How to find a probability of a sample without replacement?

Question

In a group of 5 students, 2 are males and 3 are females. Two students are randomly selected (without replacement). Let X be the number of males in the two selected students. (a) Find the (probability) distribution of X (i.e., list all possible values of X and their corresponding probabilities). (b) Find the expected value of X, and the standard deviation of X.

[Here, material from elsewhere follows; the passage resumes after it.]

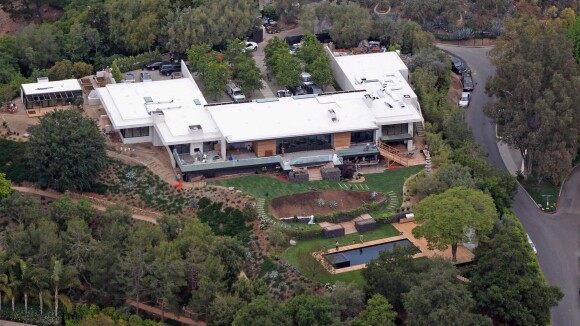 Jennifer Aniston : Découvrez sa sublime villa à 21 millions de dollars !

let n = 2 = number of trials P = 2/5 = probability of success Q = 3/5 = probability of failure k = number of success

For a) I used the equation nCkP^kQ^(n-k), and got P(X=0)= 0.36 P(X=1)= 0.48 P(X=2)= 0.16

but the solution key tells me that P(X=0)= 0.3 P(X=1)= 0.6 P(X=2)= 0.1

And for b) E(X)= np = 0.8 SD = sqrt(npq) = 0.48

but the solution key tells me that E(X) = 0.8 SD = 0.6

And now i'm confused... I'm not sure if I should approach this question using the binomial probability or is it completely unrelated to binomial distribution. Please give me a hint on how to approach this question, thank you.

Answer 1

Hi thank you for the question. It is useful to think of the possible set of values and determine it's probability distribution, as oppose to jumping into binomial formulas. As Mark has has mentioned inside the comments, binomial is only not suitable for when there is no replacement. For example, flipping a fair coin n times is equivalent to sampling a red or a blue ball from a bag with replacement (not without).

There are four possible situations describing which set of two students you have selected.Note:Sequence matters in the "without replacement" case.

• $P(MM)= \frac{2}{5} \times \frac{1}{4} =0.1$
• $P(FF)=\frac{3}{5}\times\frac{2}{4}=0.3$
• $P(FM)=\frac{3}{5} \times \frac{2}{4}=0.3$
• $P(MF)=\frac{2}{5} \times \frac{3}{4}=0.3$

In other words, the probability of sampling $X$ men with 2 draws from the original sample are as below

• $P(X=2)=P(MM)=0.1$
• $P(X=0)=P(FF)=0.3$
• $P(X=1)=P(FM)+P(MF)=0.6$

All the probabilities ofthe outcomes of $X$ sum to 1, so we know it gives a valid probability distribution. This answer question a)

As for question b). Now, that you know the probability distribution of $X$, you can quite easily derive the expected value and the standard deviation with these formulas.

• $E(X)= \sum{xP(X=x)}$
• $SD= \sqrt{\sum{x^2P(X=x)}-E(X)^2}$

Attempt the rest by yourself. Good Luck :)